Estoy con la Banda, part 2

Victoria Villalobos, singing at La Casa de Pepe Villalobos, Lima, Peru

It has been a mighty busy week, what with 16 fans of the Afro-Peruvian Sextet tagging along as they tour Peru. We’ve been to El Carmen, a little town that suffered during the earthquake of 2007, and watched an outdoor performance there. We’ve gone to the high altitude town of Cusco (11,000 ft), catching our breath and seeing a performance by the sextet as well as an indigenous band, went to Machu Picchu and returned to Lima, where the sextet performed last night and will do two final performances tonight. I’ll have more to say in another post about the week.

Today, after our troupe of fans and band members spent a free morning in various pursuits (I was looking for a Panama hat), we went to an afternoon Peña at La Casa de Pepe Villalobos in Lima. Located in a narrow side street in a neighborhood of warehouses and graffiti filled walls, the Peña is actually held in a home. What appears to have been a closet serves as a kitchen, and two rooms, with white walls, wooden tables, historic photos, and paper maché decorations serve as the music/dance area. Two musicians sat in front of a large photo and played guitar and cajón. Their singing was gorgeous, full of sonorous harmonies. Owner Pepe Villalobos, a noted musician himself, would occasionally join them to sing and play the jawbone of an ass, using a comb.  I was thoroughly enjoying myself.

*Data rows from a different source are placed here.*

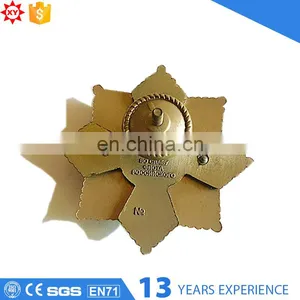 2017 Popular Custom Star Shape Metal Badge Lapel thumbnail-5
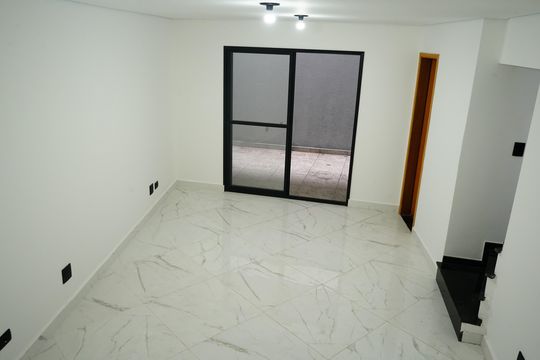 Sala de casa de condomínio para alugar com 2 quartos, 110m² em Vila Matilde, São Paulo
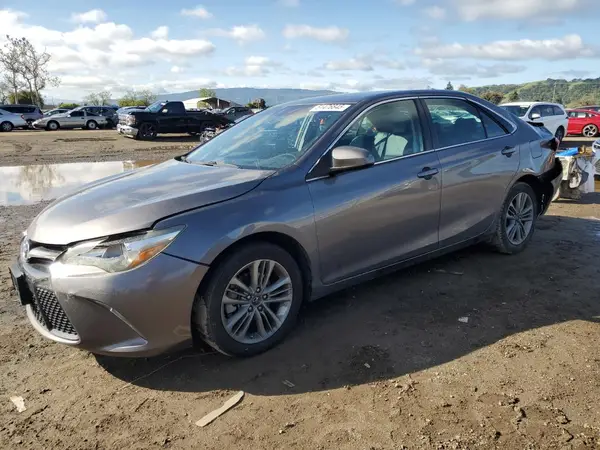 4T1BF1FK1GU236404 2016 TOYOTA CAMRY - Image 1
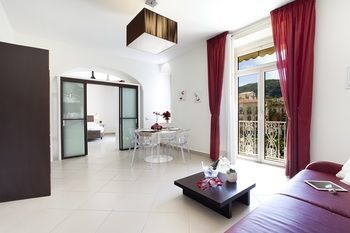 Albergue La Piazzetta Guest House
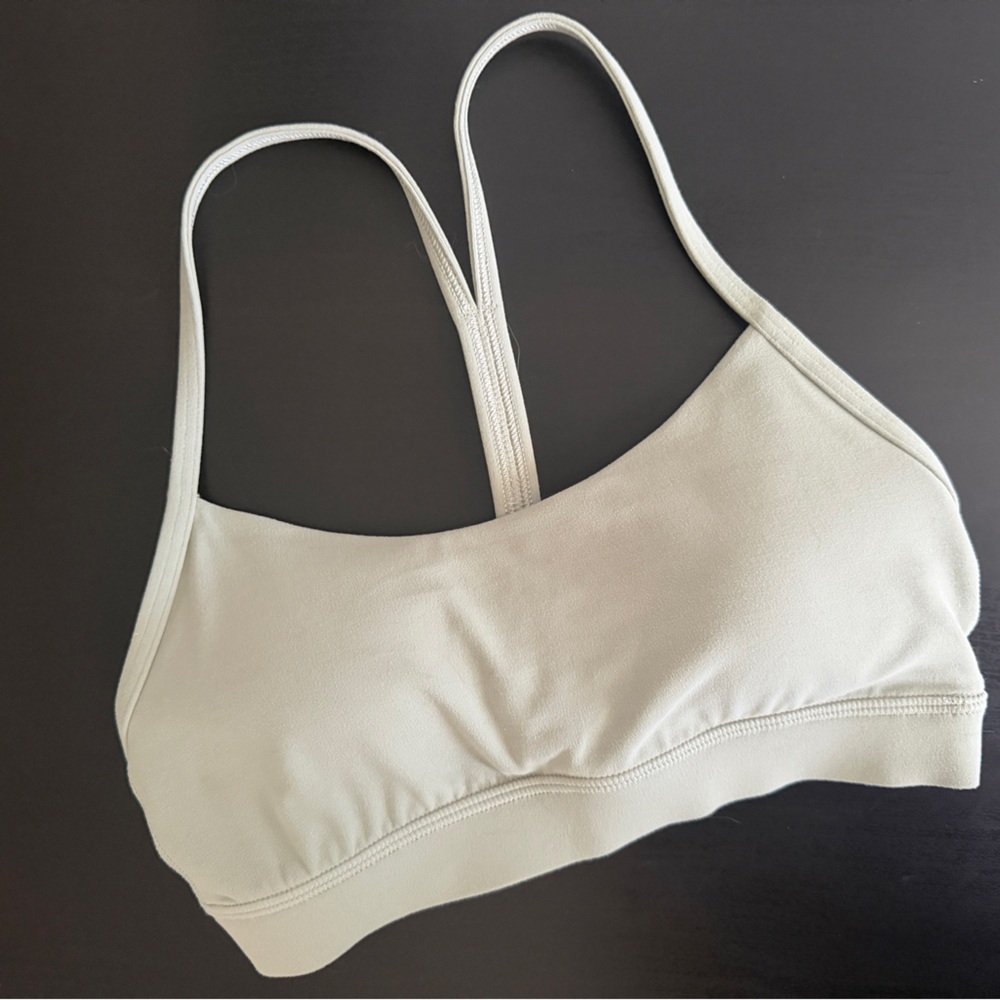 lululemon athletica Flow Y Bra Nulu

Then his daughter Victoria Villalobos got up to sing, and I experienced something extraordinary. I was moved to tears. Really. Though I didn’t understand the words, her voice, her emotion, and the melody was such that my chest was heaving and I found myself wiping tears from my eyes. I’ve heard of others having such an experience, but it’s never happened to me. I was dumbfounded, perplexed, unable to speak.

It’s something we should all experience at least once in our lives.